#innamoratidelbiellese
Era una terra fertile, la lana trasformata in lavoro, le mani attive, i telai mai spenti, la notte solcata dagli operai, i giorni sempre uguali, il cibo sulla tavola, la casa pagata a rate: era lavoro.
In ogni angolo del territorio, fatto poi provincia, ora dismessa, vennero costruite piccole fabbrichette, a conduzione famigliare, marito, la moglie coadiuvante, i figli fatti studiare alle scuole alte, per poi lasciare a loro la conduzione degli operai, pochi ma fedeli; a piano terra la fabbrica, sopra la casa, il rumore del telaio a far vibrare i muri, ma era rumore del guadagno e si tollerava, la notte, nel silenzio, anche se non si chiudeva occhio: era lavoro.
I camion venivano e andavano; si sarebbe potuta costruire un’autostrada in quella terra di nessuno situata “tra Torino e Milano“, al limite del mondo, quella terra che finiva contro le montagne e non andavi oltre, ma i soldi, i maledetti soldi statali mancavano sempre e i permessi sempre negati; e quella terra rimase isolata e chi voleva fare gli affari doveva arrangiarsi e costava denaro, ma che importa, tanto era il denaro del proprietario, mica dello stato: era lavoro.

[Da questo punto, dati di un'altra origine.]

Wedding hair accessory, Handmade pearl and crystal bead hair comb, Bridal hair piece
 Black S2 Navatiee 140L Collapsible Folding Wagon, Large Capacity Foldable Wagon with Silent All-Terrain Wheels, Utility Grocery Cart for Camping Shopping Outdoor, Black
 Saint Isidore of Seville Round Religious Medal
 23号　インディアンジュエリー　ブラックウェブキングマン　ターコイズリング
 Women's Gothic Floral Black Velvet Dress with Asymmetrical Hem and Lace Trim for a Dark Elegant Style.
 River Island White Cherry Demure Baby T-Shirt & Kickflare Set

Anni di successo, anni di splendore, anni di lana e filatura e tessitura, di cashmere e lavoro duro, senza alzare la testa, anche la domenica, il padrone seduto nel suo ufficio e gli operai che facevano gli straordinari, anche la notte, i tre turni, e cosa importa se ti cambia il senso del sonno: era lavoro.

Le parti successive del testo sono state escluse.